Alexei parpadeó, desconcertado, antes de inclinar la cabeza en gesto cortés.
– Sí, claro, discúlpeme. Recuerdo que ha dicho que estaba ocupada usted también con un asunto. -Se puso en pie, elegante con su traje inmaculado, y Lydia volvió a pensar que su pelo castaño cortado a cepillo contrastaba con la languidez general de su aspecto.
Hasta ese momento Lydia no se dio cuenta de que llevaba el vestido arrugado, y de que tenía el pelo alborotado. Estuvo a punto de pasarse una mano por él, pero se detuvo. Lo que ese hombre pensara de ella no le importaba lo más mínimo. Era maleducado, arrogante, y apoyaba a un dictador despiadado. Que se fuera al infierno. Su madre tenía razón.
Se dirigió a la puerta, le entregó el abrigo y se sintió obligada a estrecharle la mano.
– Adiós, Alexei Serov, y gracias otra vez por su ayuda.
Él le estrechó la mano brevemente, estudiándosela mientras lo hacía, como si quisiera leer sus secretos.
Lydia la retiró.
Los ojos verdes del ruso, entrecerrados de nuevo, se posaron en los suyos, inquisitivos.
– Mi madre, la condesa Natalia Serova, organiza una fiesta la próxima semana. ¿Le gustaría asistir, tal vez? Es el lunes a las ocho. Venga. -Y se echó a reír, burlón-. Podemos volver a sentarnos a hablar de movimientos de tropas.
Tras él, en el coche, sobre el camino de gravilla, un chófer chino ataviado con uniforme militar aguardaba pacientemente al volante. En el guardabarros, mecida por la brisa helada, ondeaba una bandera del Kuomintang.
– Lo pensaré -dijo Lydia, antes de cerrar la puerta.
Subió los peldaños de dos en dos. La puerta del dormitorio estaba cerrada, pero ella la abrió de golpe, y empezó a hablar antes de encontrarse del todo dentro.
– Chang, no pasa nada, yo…
Se detuvo, la cama estaba vacía, la sábana retirada, y del edredón no había ni rastro.
– ¿Chang?
Hacía frío. Un viento gélido le rozó la mejilla. La ventana estaba abierta de par en par, y las cortinas se agitaban.
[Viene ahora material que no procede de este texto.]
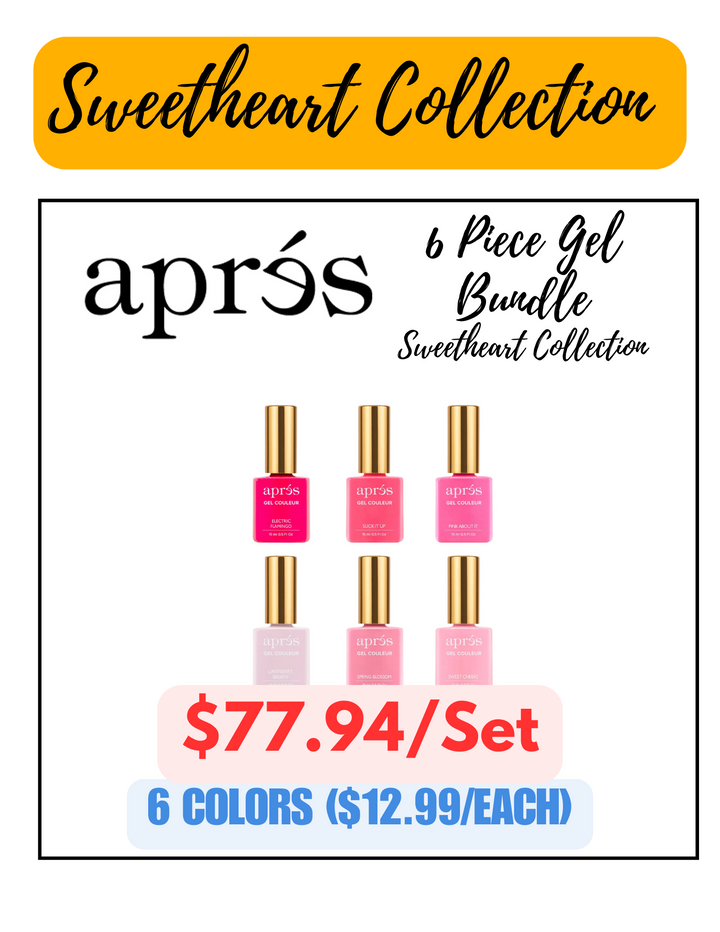 Aprés Gel Couleur Valentines 6pc Bundle - Sweetheart Shades Special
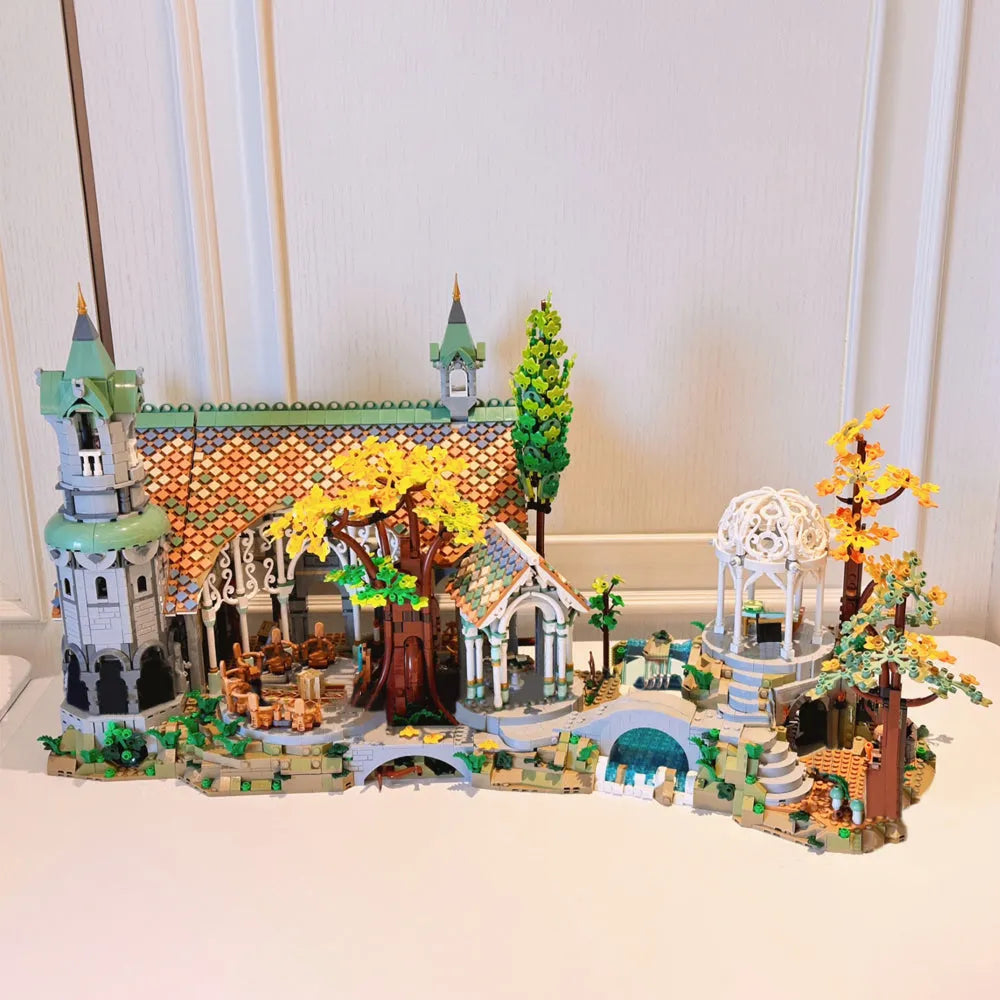 MOC Building Block Set: Lord of the Rings Rivendell, Model E9958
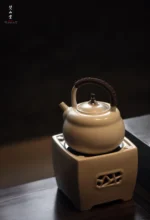 Soda Glaze Persimmon Teapot - Image 7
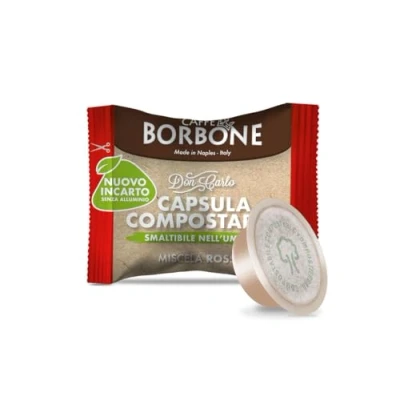 Imagen de Caffè Borbone Don Carlo Cápsulas Compostables, Mezcla de Café Roja 100 Compatibles con Máquinas Lavazza* A Modo Mio* para uso doméstico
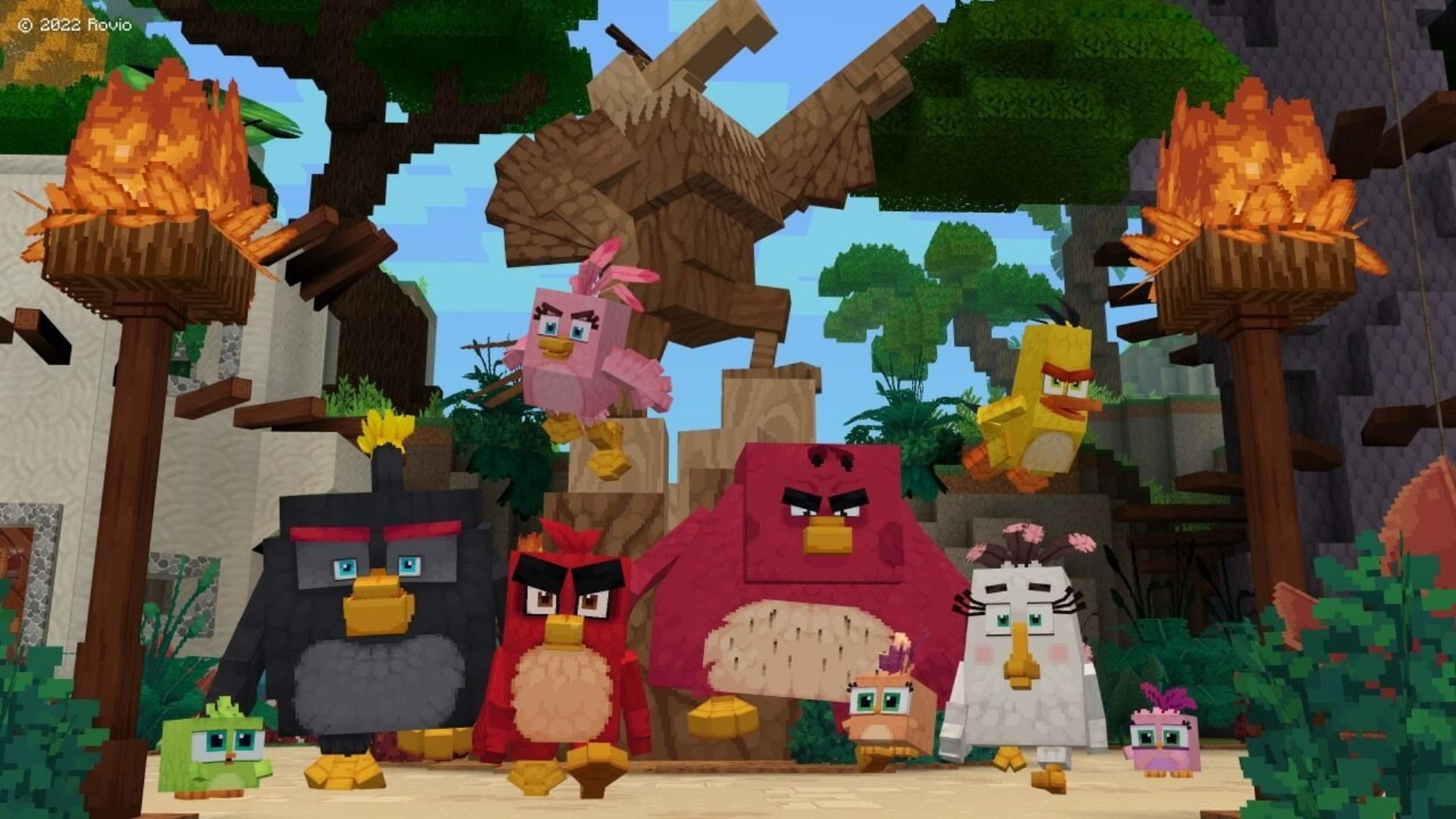 Angry Birds llegan a Minecraft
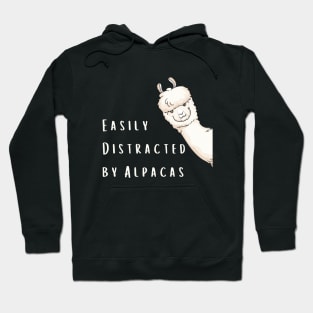 Lispe Alpaca Easily Distracted by Alpacas Funny Hoodie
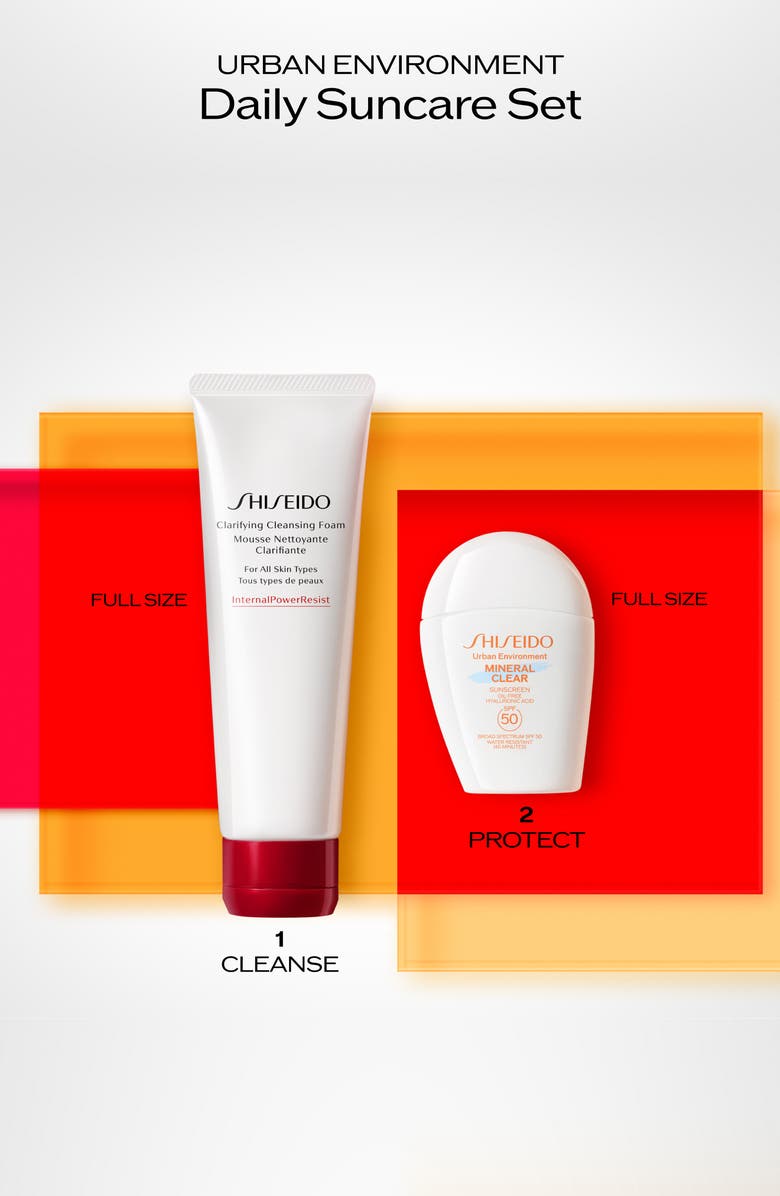 Shiseido Daily Suncare Set $78 Value, Alternate, color,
– No -musitó ella, acercándose a toda prisa hasta el alféizar.
Fuera, en la terraza, no había ni rastro de su cuerpo maltrecho. Su dormitorio daba al jardín trasero, que se veía muerto, desnudo. El único movimiento era el de una urraca. Vacío. Un gran dolor se apoderó de su pecho.
– Chang -llamó en voz baja.
Algo sonó a su espalda. Lydia se volvió y observó que la puerta se cerraba. Tras ella, pegado a la pared junto a la que se había ocultado, estaba Chang An Lo. Tenía la cara muy blanca, pero se había envuelto en el edredón color melocotón, y de la muñeca derecha aún colgaban los restos de unos vendajes. Entre los dedos hinchados, a modo de daga afilada, sostenía las tijeras que ella usaba para cortar las vendas.